Work order: What this exercise needs is every entry restated as written, with no pictures.

Record excerpts:
Segment Open

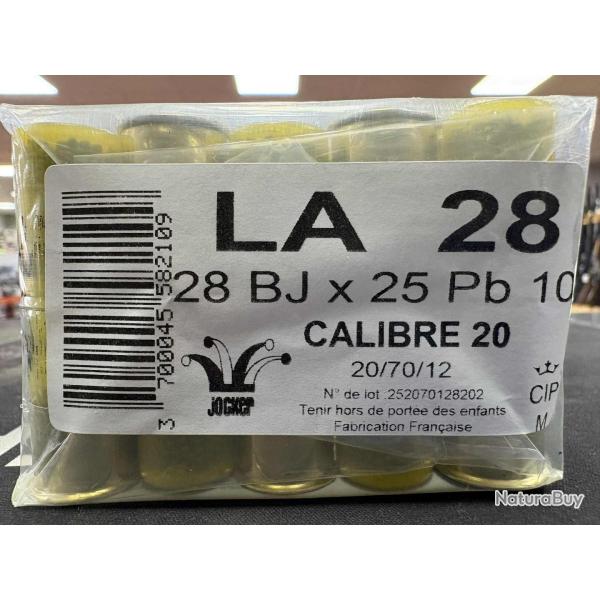 Cartouches JOCKER calibre 20 LA 28g Bourre a jupe N�10 x25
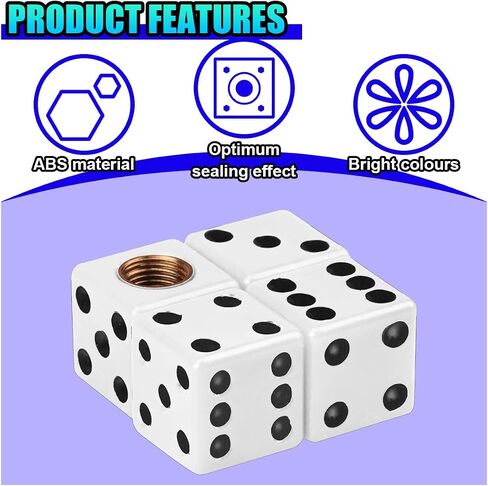 4pcs صمامات صمام الإطارات النرد ، أغطية صمام إطارات ABS مقاومة للتآكل ، إطارات عجلات مقاومة للغبار العالمية إطارات الهواء للسيارات ، سيارات الدفع الرباعي ، الشاحنات ، الدراجات النارية ، الدراجات ، الدراجات (أسود) in Kuwait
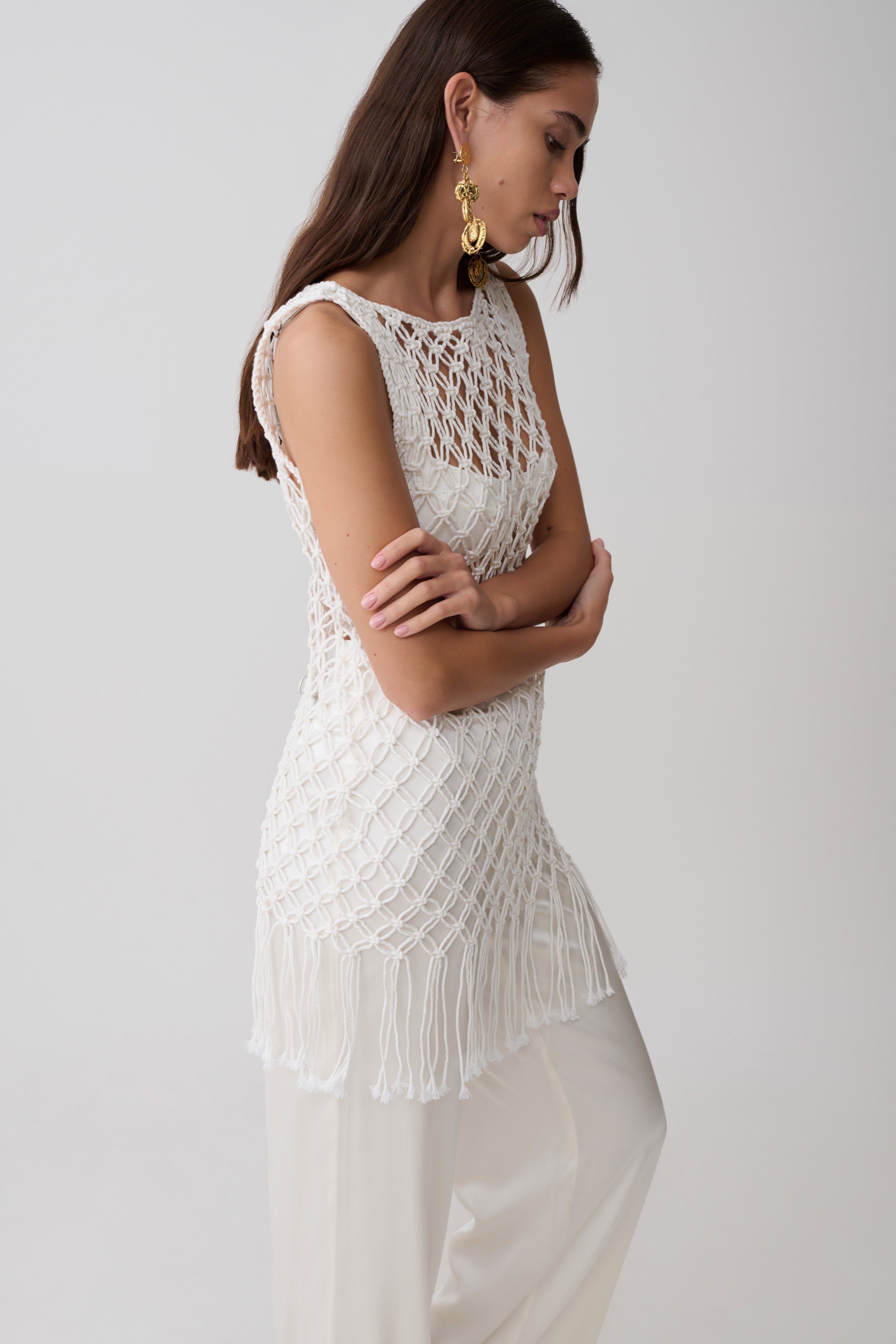Devlin Macrame Tassel Mini Dress - Ivory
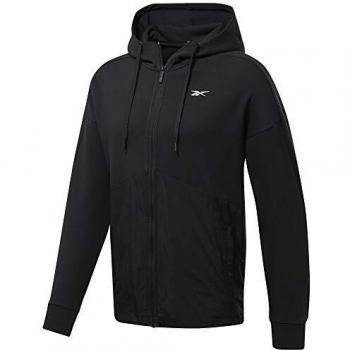 Reebok TS Knit-Woven FZ Hoodie Sudadera, Hombre, Negro, L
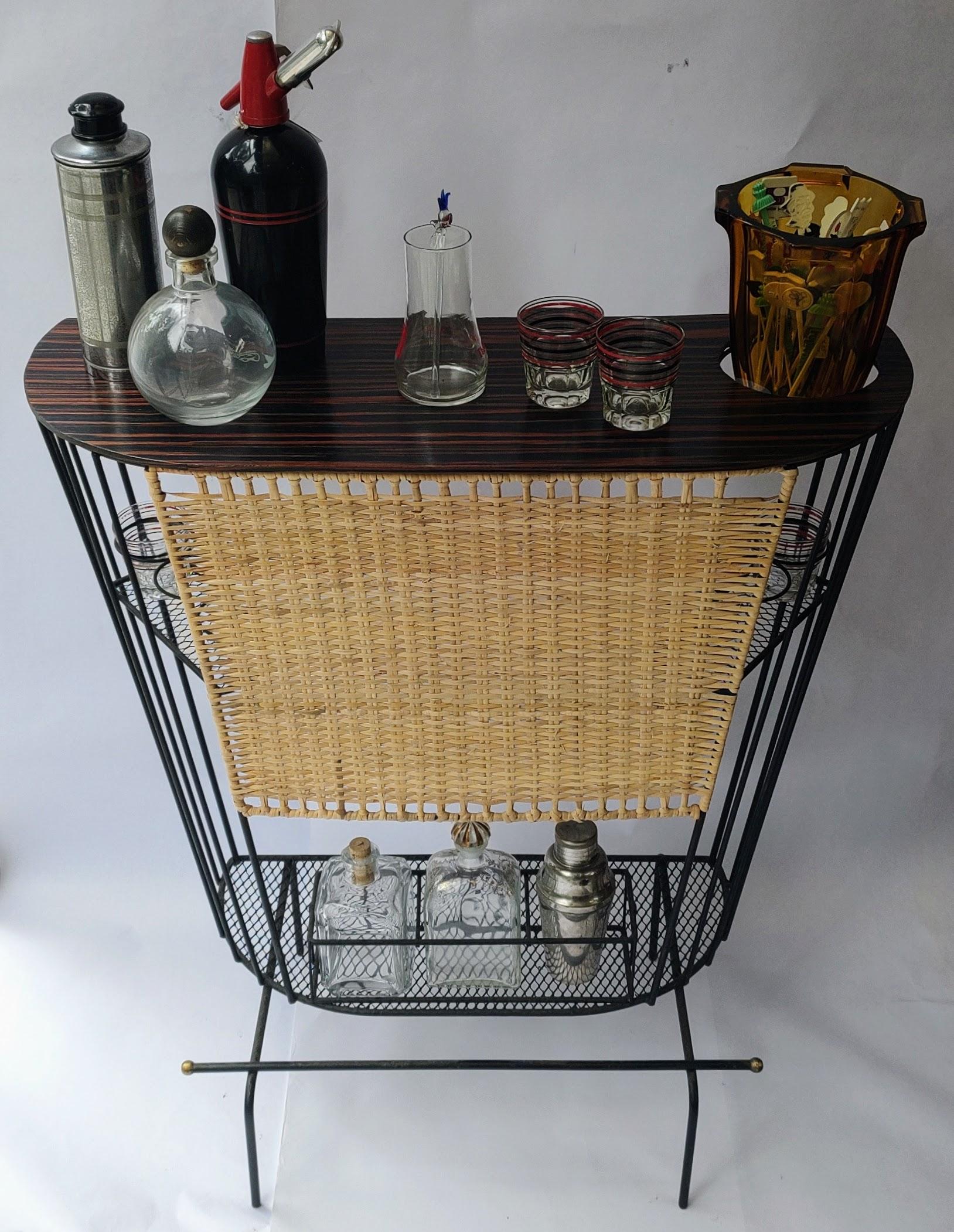 Wicker Mid Century Modern Wrought Iron wicker and wood Compact Bar by Tony Paul For Sale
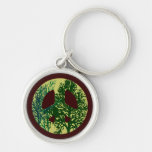 Green Trees Peace Sign Keychain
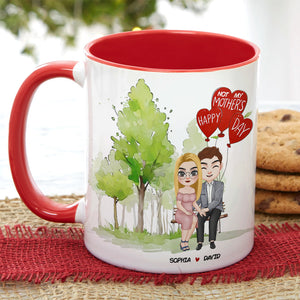 Happy Mother's Day, Personalized Couple Coffee Mug Wine Tumbler Accent Mug - Coffee Mug - GoDuckee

Segment Closed

Solution to the problem:
 Cartouches JOCKER calibre 20 LA 28g Bourre a jupe N�10 x25
 4pcs صمامات صمام الإطارات النرد ، أغطية صمام إطارات ABS مقاومة للتآكل ، إطارات عجلات مقاومة للغبار العالمية إطارات الهواء للسيارات ، سيارات الدفع الرباعي ، الشاحنات ، الدراجات النارية ، الدراجات ، الدراجات (أسود) in Kuwait
Devlin Macrame Tassel Mini Dress - Ivory
 Reebok TS Knit-Woven FZ Hoodie Sudadera, Hombre, Negro, L
 Wicker Mid Century Modern Wrought Iron wicker and wood Compact Bar by Tony Paul For Sale
 Green Trees Peace Sign Keychain
 Happy Mother's Day, Personalized Couple Coffee Mug Wine Tumbler Accent Mug - Coffee Mug - GoDuckee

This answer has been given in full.